Thursday 1 August 2013

Taper caper

The biggest question in the minds of financial market participants now is, "when will the Fed (and the ECB and Bank of England) start to "taper" the extraordinary monetary policy accommodation that we've grown used to over the past half decade?  The Fed statement after this week's meeting gave no explicit clues, but it's clear they're thinking hard about it, and probably won't wait much longer.

The recent data flow in the US has been generally positive, though hardly robust.  Estimates of GDP growth in Q2 were higher than expected, despite the effects of the spending sequester.  Moreover, extensive revisions show that the recession a few years back was less severe than originally thought, and the subsequent recovery just slightly faster.  One implication of this is that there may be a bit less slack in the economy than policymakers had assumed, which has implications for inflation risks.  House prices are rising at the fastest rate since before the bubble burst in 2007.

Against this background, the Fed's key commitment is this:  When the Committee decides to begin to remove policy accommodation, it will take a balanced approach consistent with its longer-run goals of maximum employment and inflation of 2 percent.

Most market participants continue to assume that the "taper" process will begin in September.  The Fed's statement leaves no room for doubt that it will act cautiously, at least at the outset.  This seems to have calmed equity markets, which reacted very badly when the Fed first began to muse about removing stimulus, back in May.  The resilience of equity markets will make it easier for the Fed to "sell" the switch to a less stimulative stance, once it decides to make its move.

One element of the Fed's rhetoric still gives rise to a slight queasiness.  Its concerns over inflation continue to be more focused on the risks posed by it being too low, rather than the threat of it suddenly moving higher. For many years the Greenspan Fed was complacent about inflation, and willing to persist with accommodative monetary policy, while ignoring the disastrous build-up in mispriced risk in the financial system that its cheap money creation had spawned. Given the lack of any real progress in improving financial market regulation and the lack of any apparent contrition on the part of bankers, the risk of another bout of financial instability needs to be taken seriously by the Fed.
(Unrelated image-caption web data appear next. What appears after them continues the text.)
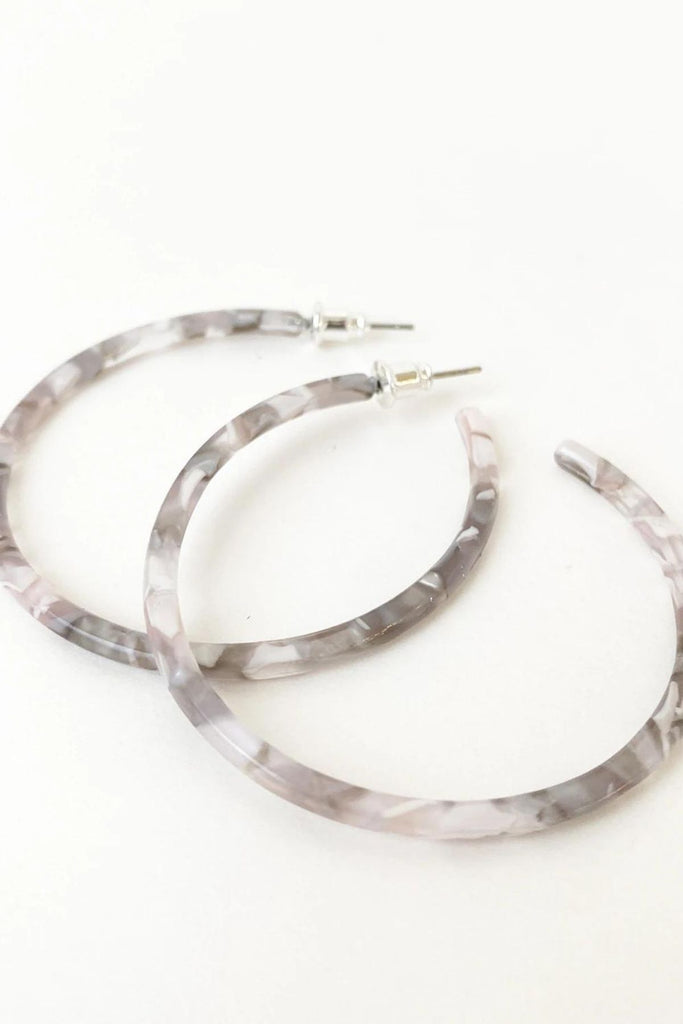 Caracol jewelry featuring a pair of medium sized multi coloured hoop earrings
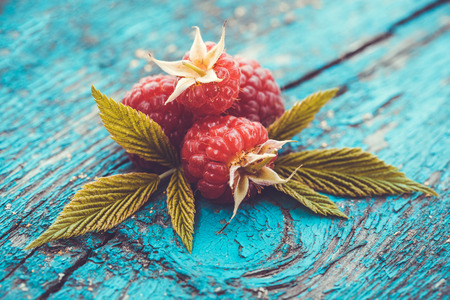 Fresh raspberry on a blue ancient wooden tableの写真素材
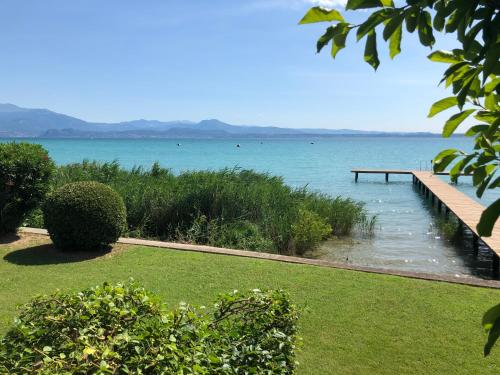 a dock in the water next to a body of water at Lake Front Luxury Apartment in Sirmione
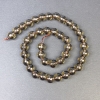 Perles facettées de topaze fumée 10 mm sur fil, longueur 37 cm+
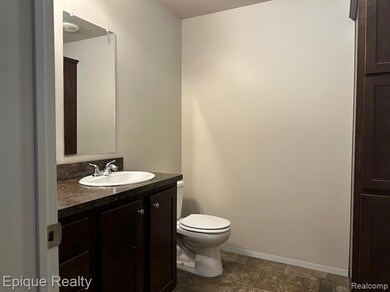 Half bathroom with vanity and dark stone finish floors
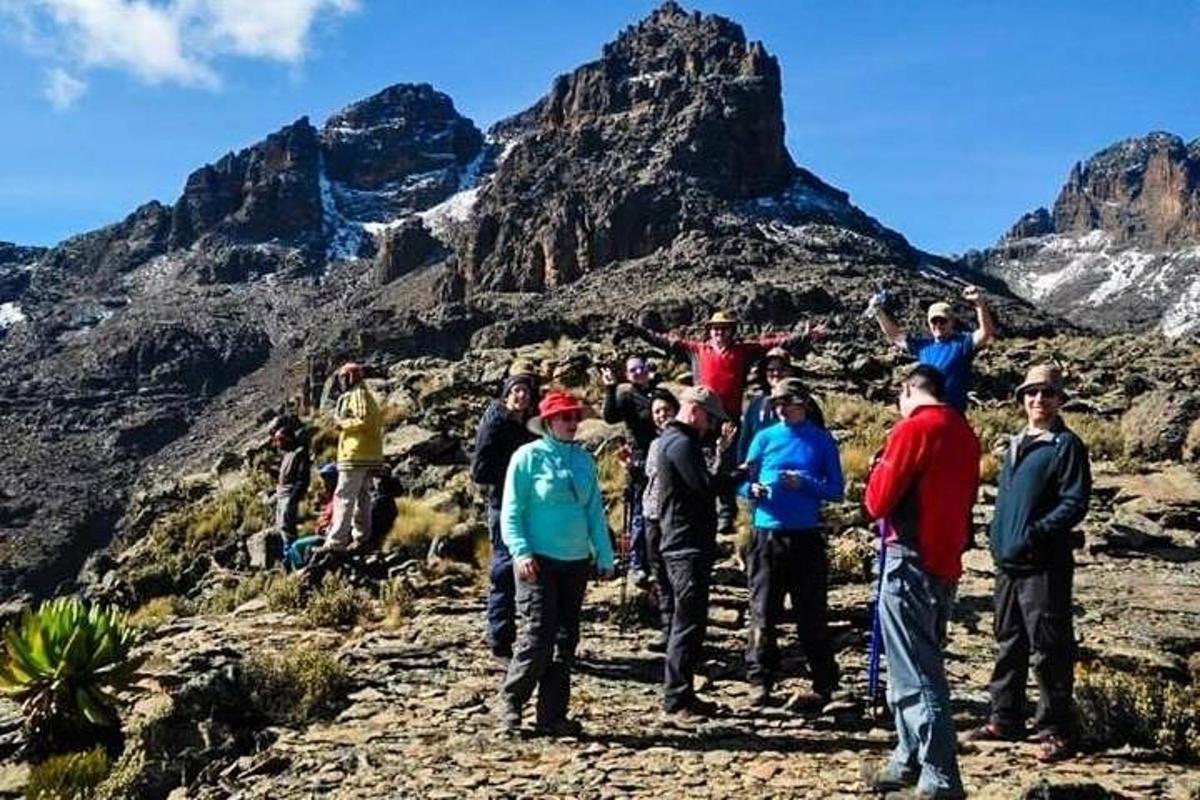 hópur fólks sem stendur uppi á fjallstindi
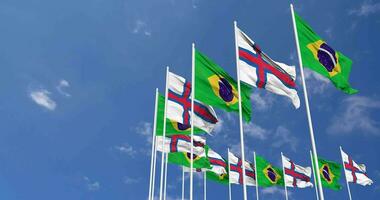 Faroe Islands and Brazil Flags Waving Together in the Sky, Seamless Loop in Wind, Space on Left Side for Design or Information, 3D Rendering video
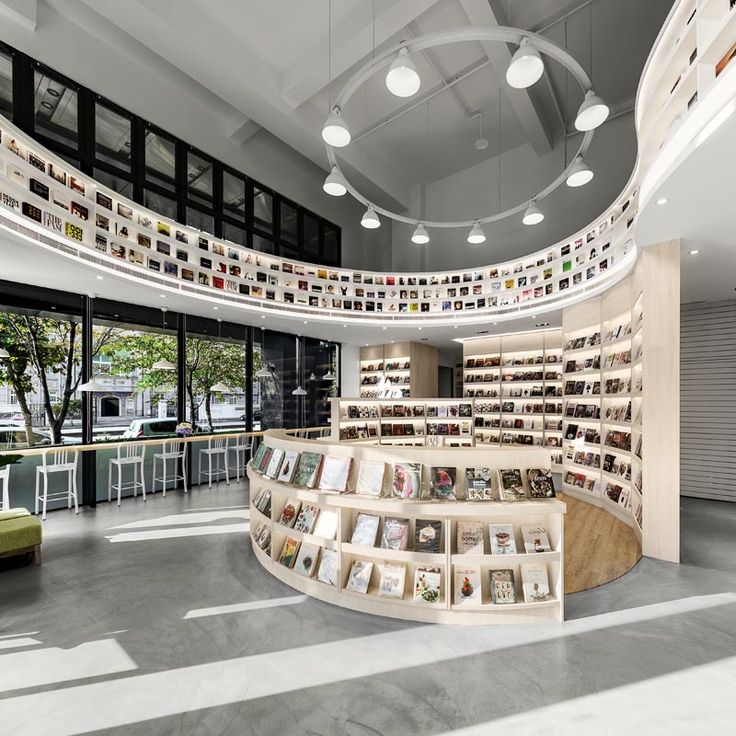 the inside of a book store with many books on shelves and pictures hanging from the ceiling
Meanwhile, across the Atlantic, both the Bank of England and the ECB have kept rates unchanged yet again.  However, there are growing signs that the UK economy is rapidly gaining momentum -- see this almost breathless story for the latest evidence.  And there's even hope for the beleaguered Eurozone, with improvements reported in employment, manufacturing output and business sentiment.  If the Fed does indeed start to change course in September, others may not be too far behind.